I tried the approach but did not work for me in communities, I used inspect element and removed the app.css and the external CSS is applied and things work as expected, but removing app.css is not the solution since it messes up the entire community styling.

So coming back to the original question is there a way to make certain tags more important than app.css ( I do not want to inspect every detail and mark tags important, if there is an easy approach it would make life simpler) or can I alter the order in which the app.css and bootstrap.css is loaded ( I am not an expert when it comes to CSS but read somewhere the order in which the file loads matters, I could be wrong)

CSS Namespacing:

> Many 3rd party CSS libraries like Twitter Bootstrap changes styles for the entire application. This can cause problems when running your component in S1 Mobile app or inside Lightning App Builder. We strongly recommend CSS-namespacing them before using them. This namespace is not the same as your org’s namespace but a simple CSS class name to avoid your CSS bleeding into other components. This could be any unique classname name for a container (div) that wraps your component.
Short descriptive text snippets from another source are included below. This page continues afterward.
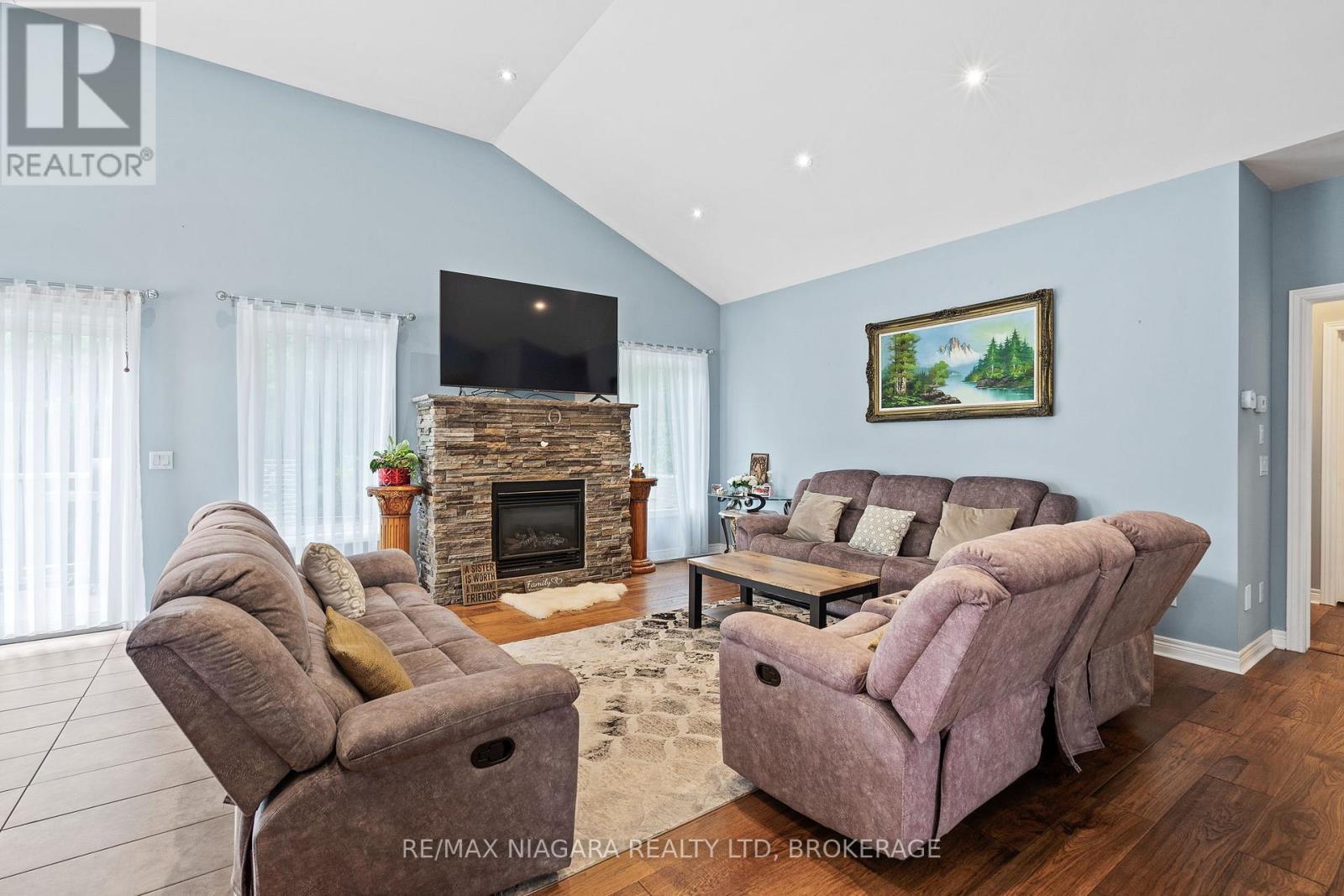 255 LAKESHORE ROAD - 10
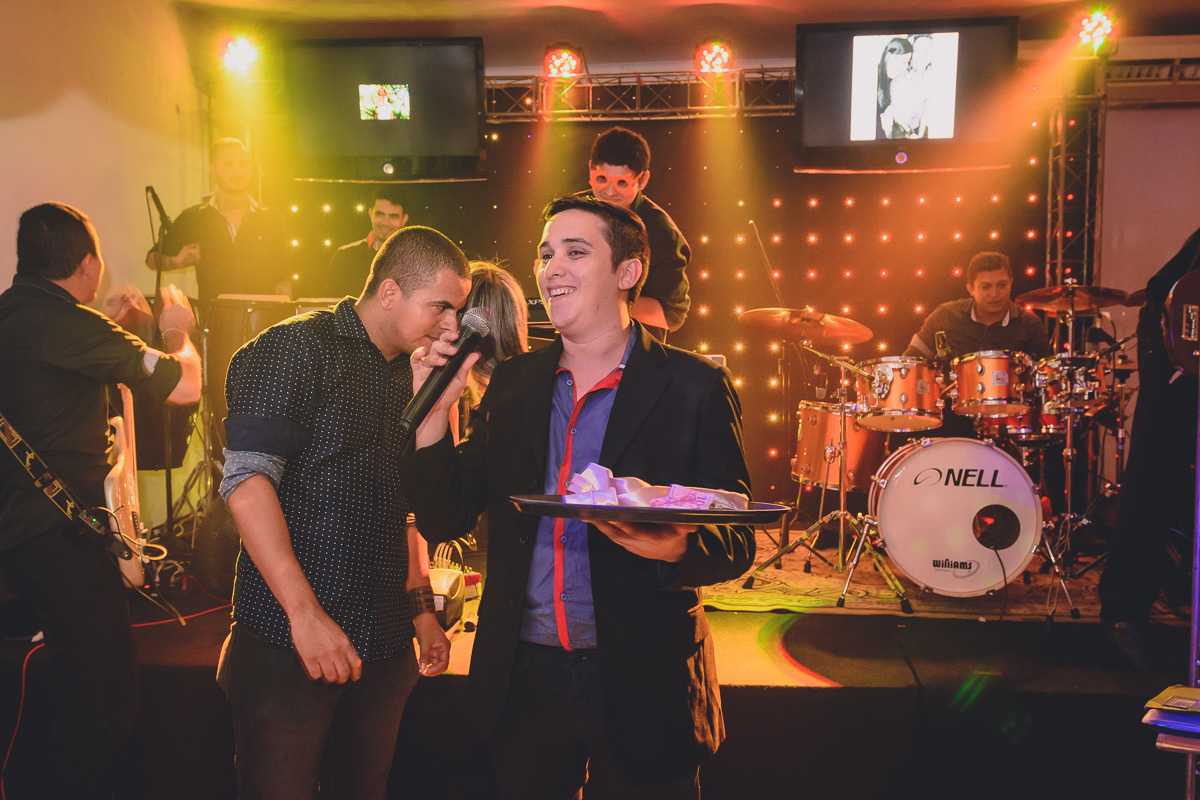Fotos de casamento com noivos emocionados e espontaneos na cidade de joao pessoa, bayeux santa rira, paraiba. Recepção na doce mel e cerimonia na igreja são francisco de assis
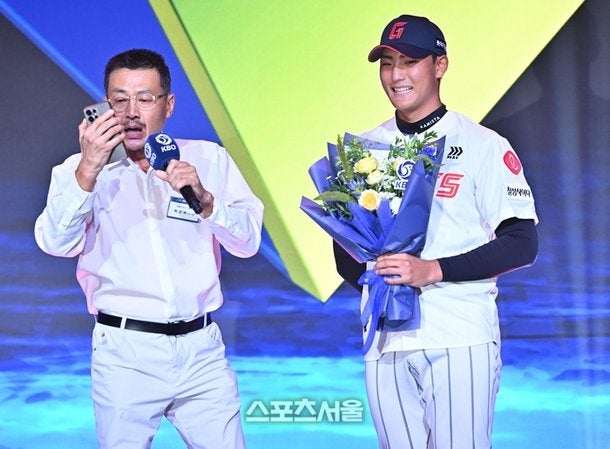 2027 KBO 신인드래프트, 배재고 김시후 롯데 11라운드 지명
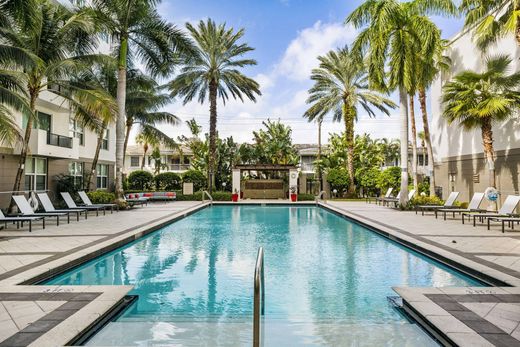 Residential complexes in Fort Lauderdale, Broward County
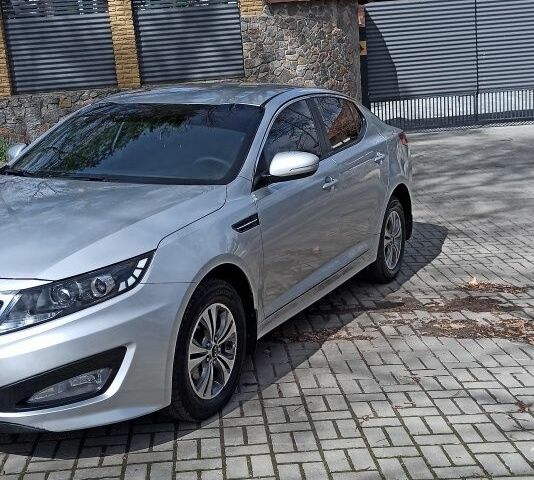 Сірий Кіа Оптіма, об'ємом двигуна 2 л та пробігом 211 тис. км за 8100 $, фото 1 на Automoto.ua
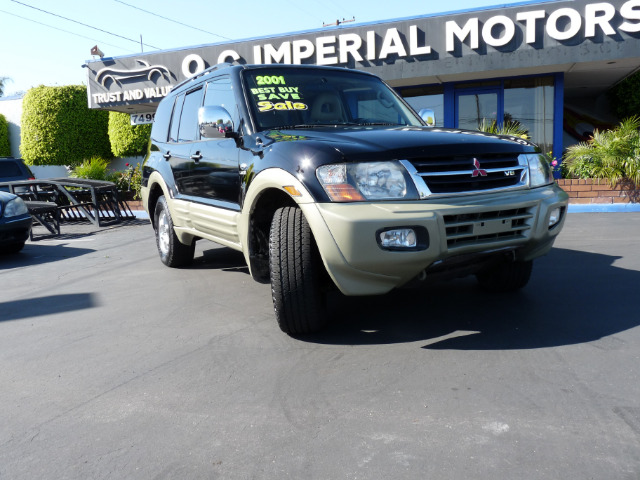 2001 Mitsubishi Montero Super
  • Does appending !important to your css work? E.g. .myStyle { background-color: #eee !important; } – Scott Pelak Oct 29 '15 at 21:43
  • 1
    Scott i tried with one of the tag but did not make a difference, the problem appending !important is that there are so many tags that needs to be marked and every time there is a minor change. I do not want to spend time debugging – Rao Oct 29 '15 at 21:46
2

You'll have to use increased CSS Specificity in how you write your style sheet. While you can dive deep into specificity by looking into a specificity chart, the short explanation is that you'll need more selectors to identify things and then you won't need to use !important. For example, instead of this:

.myStyle { 
    background-color: #eee; 
}

do this:

#containerName .classInsideCont div .myStyle {        
    background-color: #eee; 
}

The second example has more CSS selectors and therefor overrides the first.

This image below from the style sheet in the inspector of a community page shows that this element has 4 selectors on it. You would therefore need to either use a specificity from the chart above that overrides this or the shorthand is to just use more selectors (i.e. 5) than this to override it.